Your task is to restate the listing word for word without the pictures.

BEGIN Exercise data

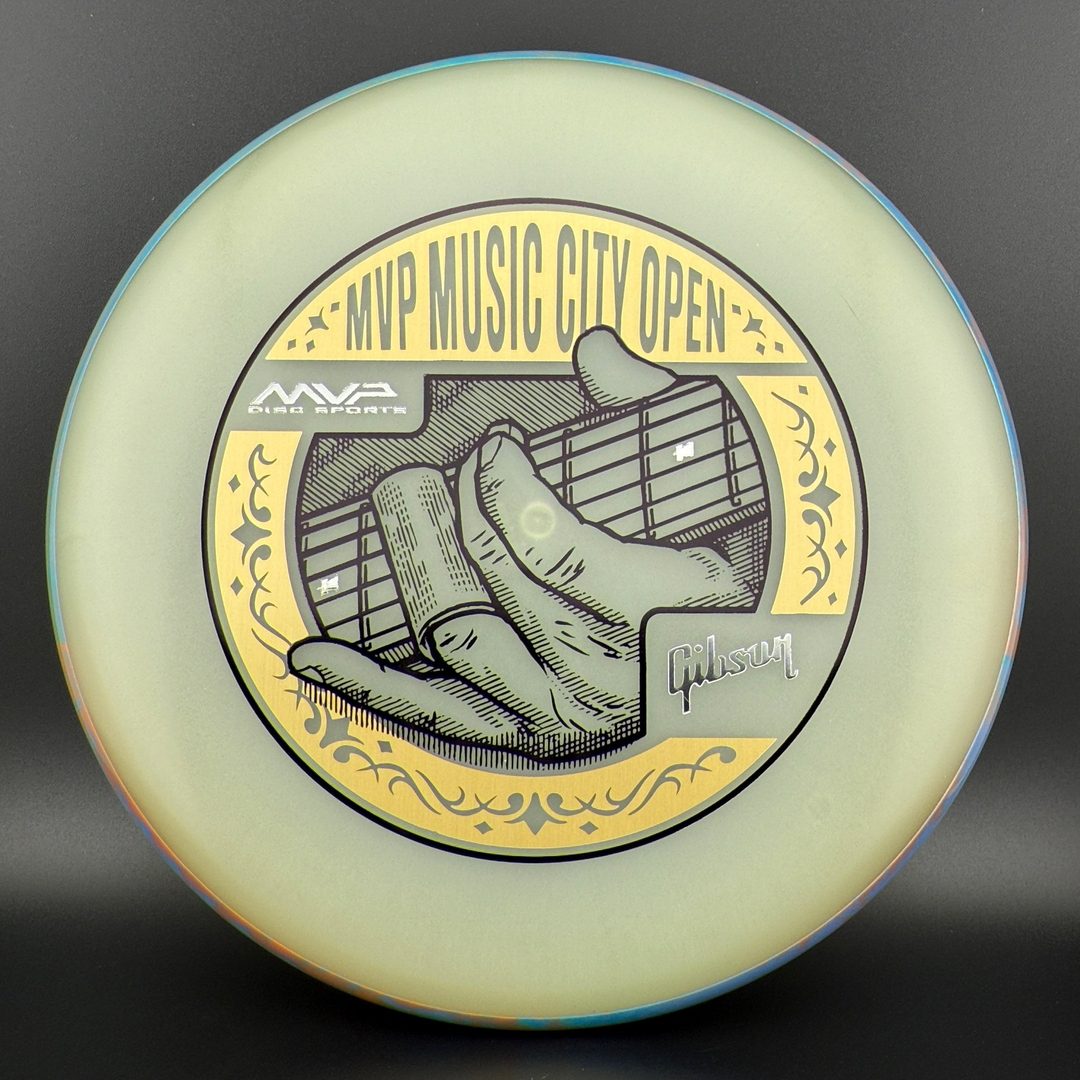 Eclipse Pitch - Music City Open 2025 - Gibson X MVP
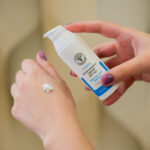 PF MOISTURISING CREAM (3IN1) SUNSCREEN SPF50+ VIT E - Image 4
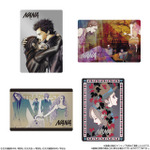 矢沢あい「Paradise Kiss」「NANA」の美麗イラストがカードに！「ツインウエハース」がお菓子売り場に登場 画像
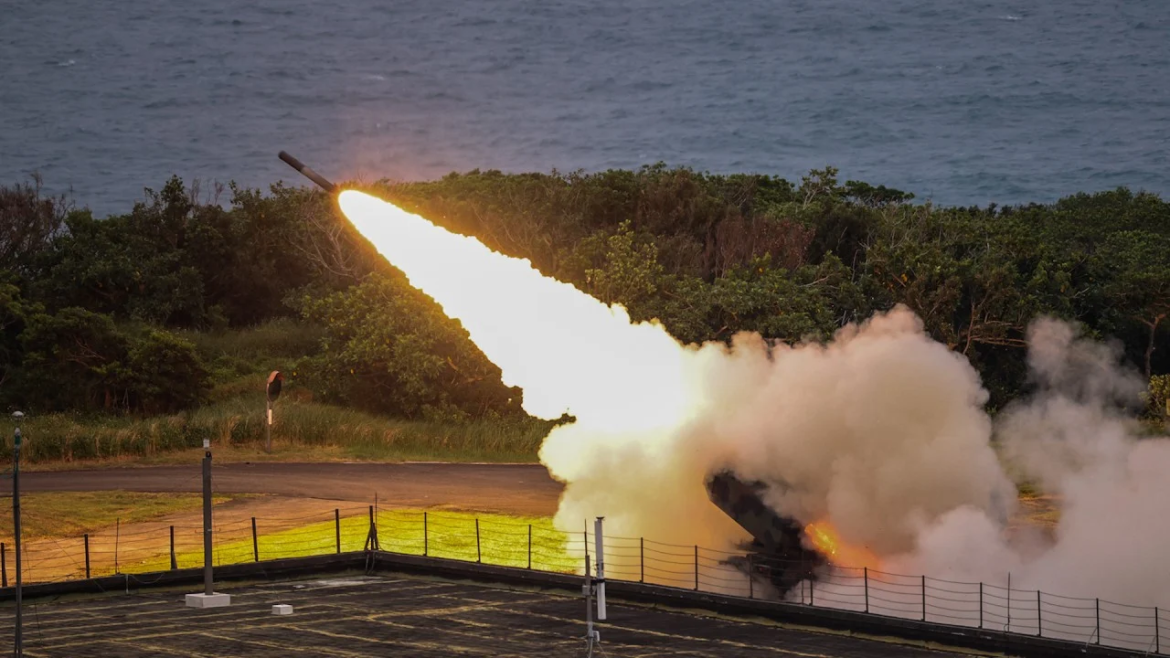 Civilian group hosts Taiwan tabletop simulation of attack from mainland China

END Exercise data

**Task output**
 Eclipse Pitch - Music City Open 2025 - Gibson X MVP
 PF MOISTURISING CREAM (3IN1) SUNSCREEN SPF50+ VIT E - Image 4
 矢沢あい「Paradise Kiss」「NANA」の美麗イラストがカードに！「ツインウエハース」がお菓子売り場に登場 画像
 Civilian group hosts Taiwan tabletop simulation of attack from mainland China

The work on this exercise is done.